A wiesz, że szukałam pomysłu na firanę do kuchni i nic jakoś nie wpadło mi w oko, ta jest bardzo ładna i w miarę szybko by się ją zrobiło teraz robię taką ala bluzkę, narzutkę dla córki jak ja skończę, to pewnie na dobre sezon ogrodowy się zacznie, ale potem napewno wrócę do szydełka skopiuję sobie ten wzór i poszukam jakiś materiał na górę ja mam taką małą firankę na klatce schodowej, kiedyś ją zrobiłam
Do Międzygórza znów mnie ciągnie. W zeszłym roku nie dotarłam, może w tym się uda. Lubię zaglądać w zielone okolice obejść, domu ogrodnika nie kojarzę. Pamięć szwankuje, albo niedopatrzenie poznawcze.
Jesienią chciałam nabyć różę Gipsy Boy, ale przełożyłam zakup na wiosnę. To już moje drugie podejście do niej(pierwsze było na początku przygody z różami), nie wiem czemu tak długo się wahałam.
Wiola dzięki za ekspresową odpowiedź.
W życiu bym się nie domyśliła, że to właśnie jest koreanka.

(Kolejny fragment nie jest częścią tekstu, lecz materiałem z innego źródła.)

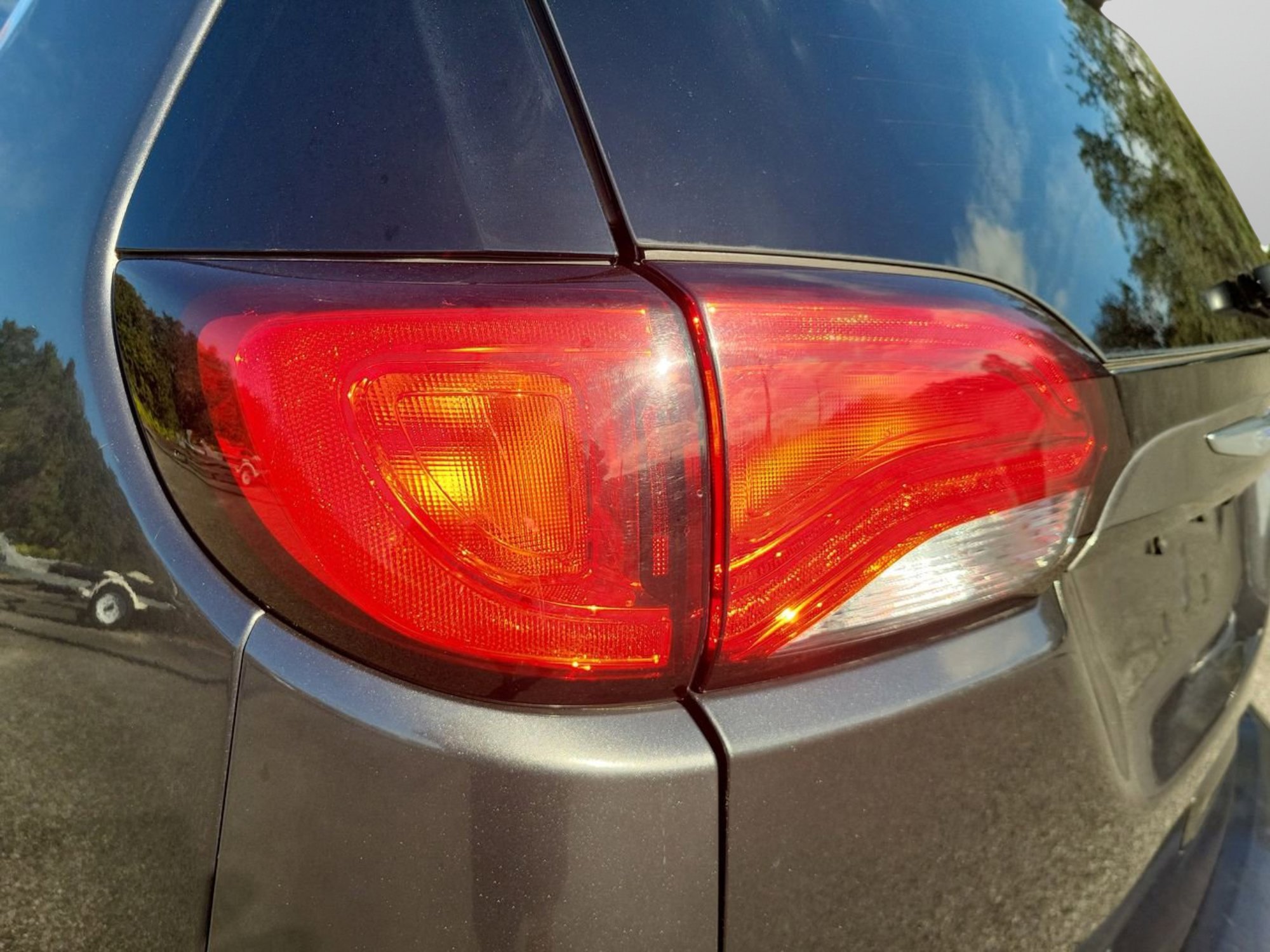 Used 2020 Chrysler Voyager Lxi image 6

Zazwyczaj widuję formy w standardowym kształcie, a u Ciebie jest topiar. Bardzo ładnie gęsto wygląda. Chyba też będę ciąć swoją...

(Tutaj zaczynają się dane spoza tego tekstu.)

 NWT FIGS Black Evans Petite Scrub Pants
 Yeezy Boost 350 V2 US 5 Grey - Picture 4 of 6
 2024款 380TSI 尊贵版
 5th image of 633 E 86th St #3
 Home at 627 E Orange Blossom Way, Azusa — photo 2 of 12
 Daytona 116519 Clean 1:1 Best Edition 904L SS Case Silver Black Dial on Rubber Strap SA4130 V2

U mnie jutro deszcz, więc z ogrodowania nici.
Zachwycam się.
I jeszcze tym, jaką masz wrażliwość w sobie- chodzi mi o zdjęcie starej gruszy z Międzygórza. Nie mijasz obojętnie, umiesz się przyglądać.
Basiu największą satysfakcję w ogrodzie sprawiają mi rośliny wyhodowane z nasion i takie przyniesione zza płotu.
Jarzębina od paru lat rosła na środku działki budowlanej. Wcześniej, czy później zostałaby zniszczona. Liczę na to, że ją uratowałam i będzie żyła.
Jarzębina to też wspomnienie z dzieciństwa. Mieszkałam w małej wsi. Często bawiliśmy się pod rosnącą tam jarzębiną. Jakie piękne korale z niej robiliśmy. Na nitkę (pomiędzy czerwone kulki) wkładaliśmy pociętą słomę Ponad pół wieku minęło, a ja do dziś to pamiętam.